This library allows you to query the processor topology as well as set the processor affinity for the current process. This library does not depend on ocaml-5 (Multicore), but it can be used within ocaml-5 Domains as expected.
The topology can identify individual threads (smt), cores, sockets as well as P-cores (Performance) and E-cores (Energy energy efficient cores) on both AMD64 and Apple's ARM64 (M1, M2 & friends).
The library is split into 3 main modules:
Retrieves a count of threads, cores, sockets.
utop # Processor.Query.cpu_count;;
- : int = 8
utop # Processor.Query.core_count;;
- : int = 4
utop # Processor.Query.socket_count;;
- : int = 1
Build's an actual topology of each CPU, each Cpu.t
expresses a
logical cpu with a logical id id
, a thread id smt
, a core id
core
, a socket id socket
and a kind
which can be P-core
or
E-core
, which is only relevant for Intel Alder Lake and Apple's
ARM64 machines.
The topology is built uppon Module load an it's static through the runtime.
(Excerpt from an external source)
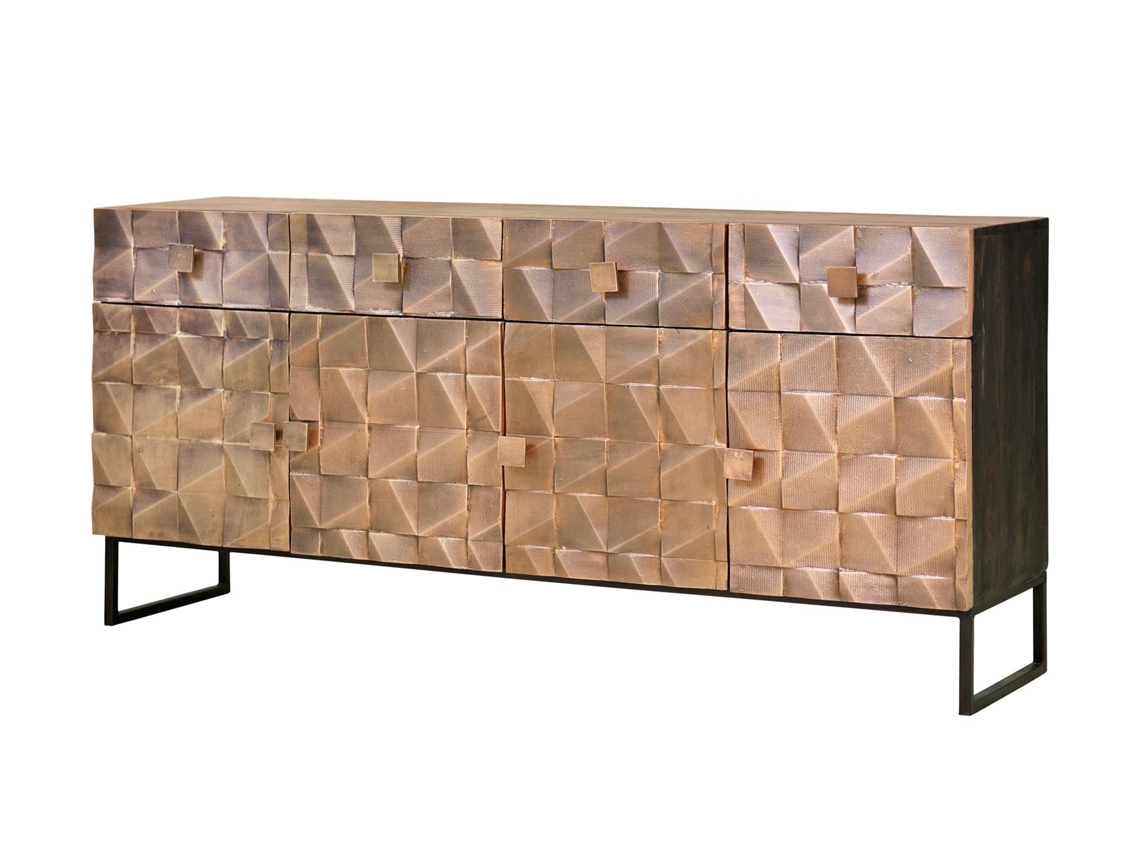 Aparador en madera mango y bronce color marron oscuro Marrón.GINER Y COLOMER 80x42x170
utop # Processor.Topology.t;;
- : Processor.Cpu.t list =
[{Processor.Cpu.id = 0; kind = Processor.Cpu.P_core; smt = 0; core = 0; socket = 0};
{Processor.Cpu.id = 1; kind = Processor.Cpu.P_core; smt = 0; core = 1; socket = 0};
{Processor.Cpu.id = 2; kind = Processor.Cpu.P_core; smt = 0; core = 2; socket = 0};
{Processor.Cpu.id = 3; kind = Processor.Cpu.P_core; smt = 0; core = 3; socket = 0};
{Processor.Cpu.id = 4; kind = Processor.Cpu.P_core; smt = 1; core = 0; socket = 0};
{Processor.Cpu.id = 5; kind = Processor.Cpu.P_core; smt = 1; core = 1; socket = 0};
{Processor.Cpu.id = 6; kind = Processor.Cpu.P_core; smt = 1; core = 2; socket = 0};
{Processor.Cpu.id = 7; kind = Processor.Cpu.P_core; smt = 1; core = 3; socket = 0}]
Sometimes it may be useful to see "what happens" when you restrict your application to a set of CPUs, maybe you don't want them to cross a socket, or maybe you want to see how it behaves without two threads fighting for its core resources.
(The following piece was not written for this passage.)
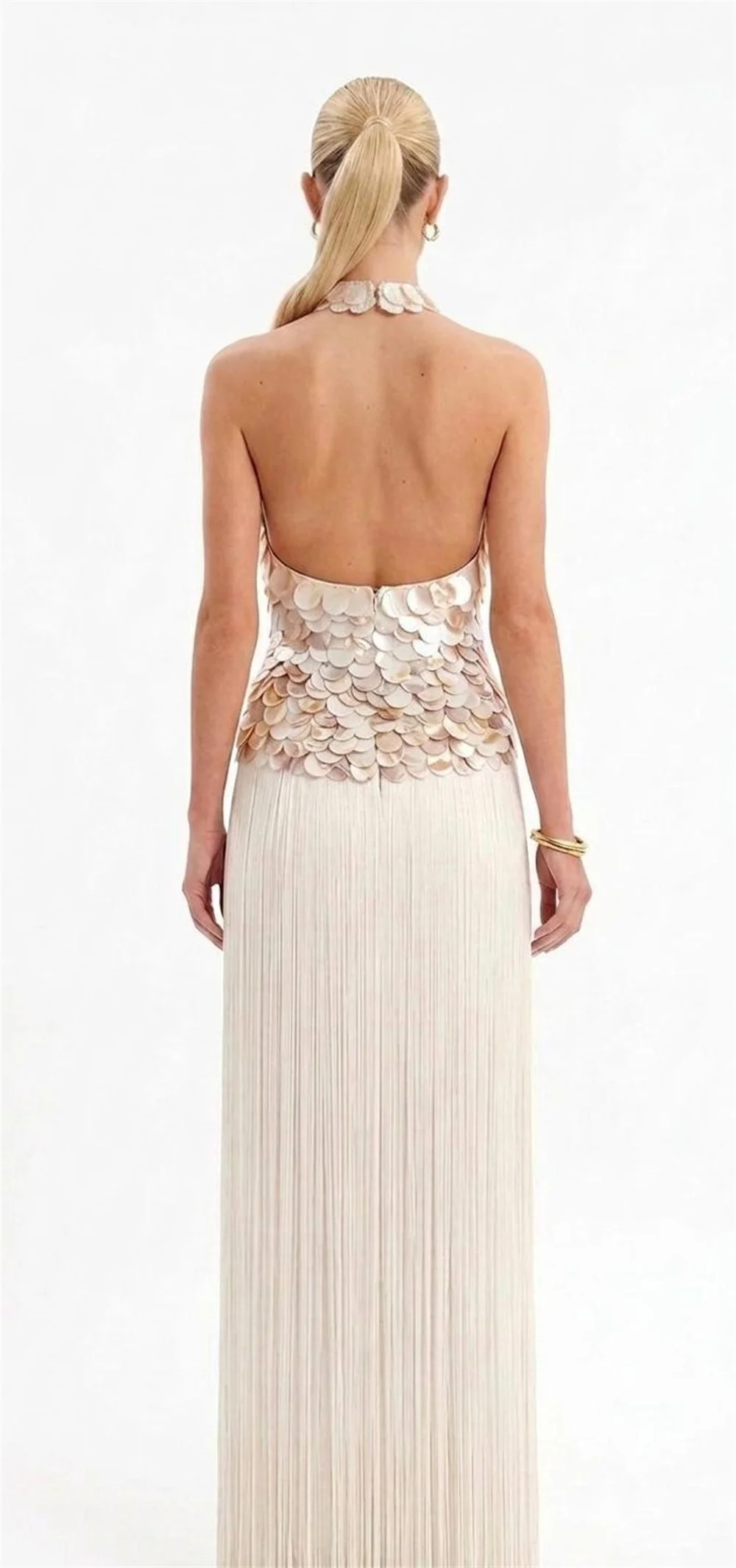 Sansa Customized Ivory Prom Dresses Luxury Halter Open Back Shell Sequin Fringe Mermaid Vestidos De Noche Floor-Length Formal Ev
The affinity must be set on its own running context, so if you are using Domains, it must be called individually within each domain.
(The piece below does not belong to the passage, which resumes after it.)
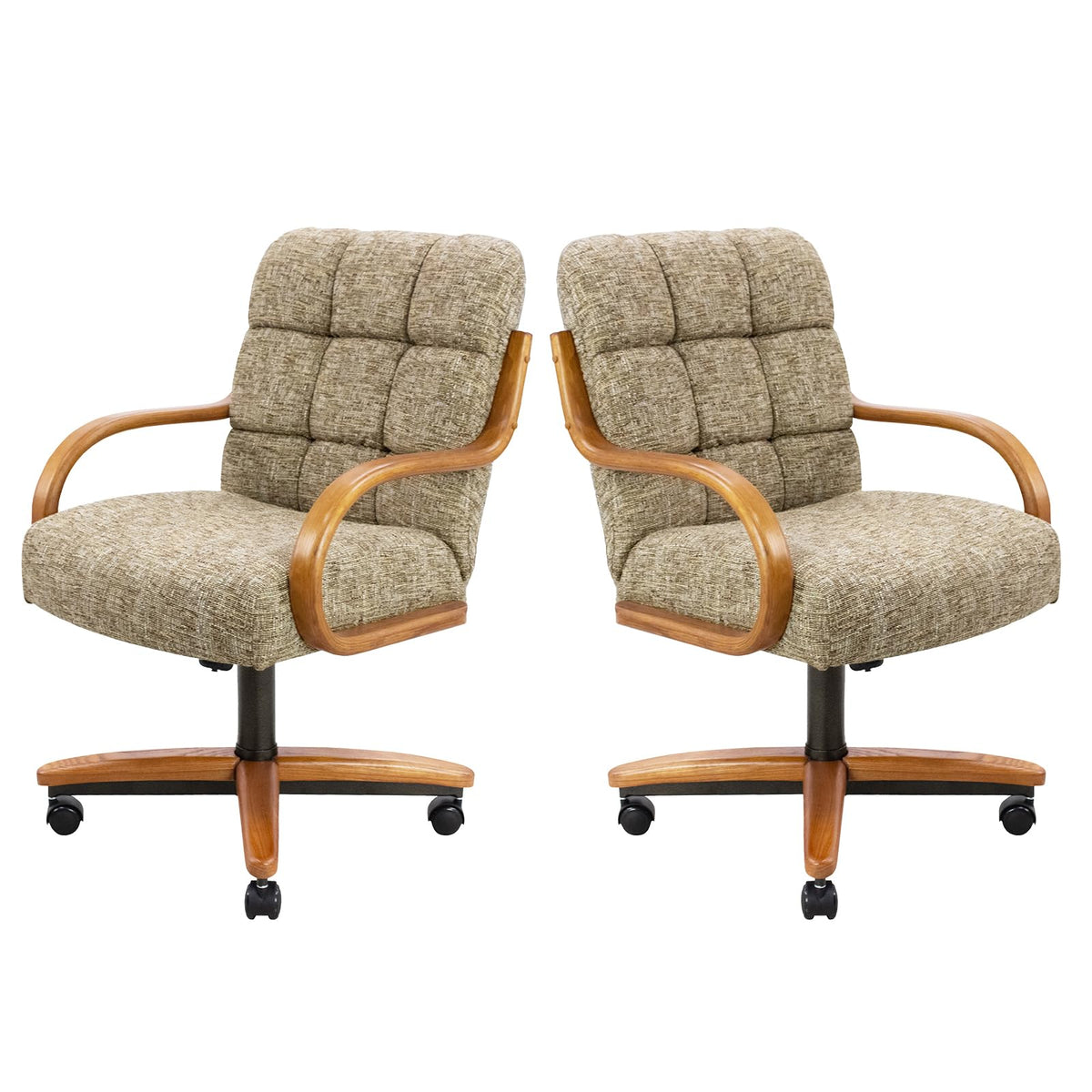 Chromcraft Ryland Swivel-Tilt Caster Dining Chair - Chestnut -Earth - 4pc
Say you you want to restrict to running only on the threads of core 0:
utop # Processor.Affinity.set_cpus (Processor.Cpu.from_core 0 Processor.Topology.t);;
- : unit = ()
utop # Processor.Affinity.get_cpus ();;
- : Processor.Cpu.t list =
[{Processor.Cpu.id = 0; kind = Processor.Cpu.P_core; smt = 0; core = 0; socket = 0};
{Processor.Cpu.id = 4; kind = Processor.Cpu.P_core; smt = 1; core = 0; socket = 0}]
A simple binary called ocaml-processor-dump
is provided:
$ ocaml-processor-dump
cpu_count: 8
core_count: 4
socket_count: 1
cpus-per-core: 2
cpus-per-socket: 8
cores-per-socket: 4
cpu0: smt=0 core=0 socket=0 kind=P_core
cpu1: smt=0 core=1 socket=0 kind=P_core
cpu2: smt=0 core=2 socket=0 kind=P_core
cpu3: smt=0 core=3 socket=0 kind=P_core
cpu4: smt=1 core=0 socket=0 kind=P_core
cpu5: smt=1 core=1 socket=0 kind=P_core
cpu6: smt=1 core=2 socket=0 kind=P_core
cpu7: smt=1 core=3 socket=0 kind=P_core
Turns out all of this is harder than it should, there are basically no portable APIs and even the consensus of what a CPU thread is, is sketchy between different architectures.
On AMD64 we visit each CPU, by pinning our current context, and then
do the whole CPUID dance manually, the only thing we need from the
system is a working pthread_setaffinity_np
. Query
and Topology
will be accurate as long as the process doesn't start in an already
restricted affinity.
On anything other than AMD64 we will build a fake topology by using
Query
, each CPU will be its own core and everyone will be on the
same socket.
Initially I've added support for parsing /proc/cpuinfo
on Linux for
other architectures, but the format is not standarized, so it isn't
worth it.
On these systems Query
is accurate for cpu_count
, but
thread_count
and socket_count
will be faked, topology will be
faked and affinity is a nop. NetBSD and DragonflyBSD could have
affinity support but I don't want to maintain it. OpenBSD has no
support for it.
Apple doesn't support affinity/pinning, so in order to retrieve the
actual apicid
in AMD64 we have to go through the horrible ioreg
stuff from Apple, which we do. On Apple ARM64 we also go through
ioreg
to retrieve the relationship between E-cores
and P-cores
.
On Apple, Query
and Topology
will always be accurate.
- Windows support, hopefully I work on this when I get a more comfortable windows environment to develop.
- Cache topology would be welcome as well.
- CPU model/brand, there is some support but I want to make it right before publishing.
- CI/CD setup.
- SPARC64 and RiscOS support would be welcome.
If you want to work on cache topology, I'll send you beers.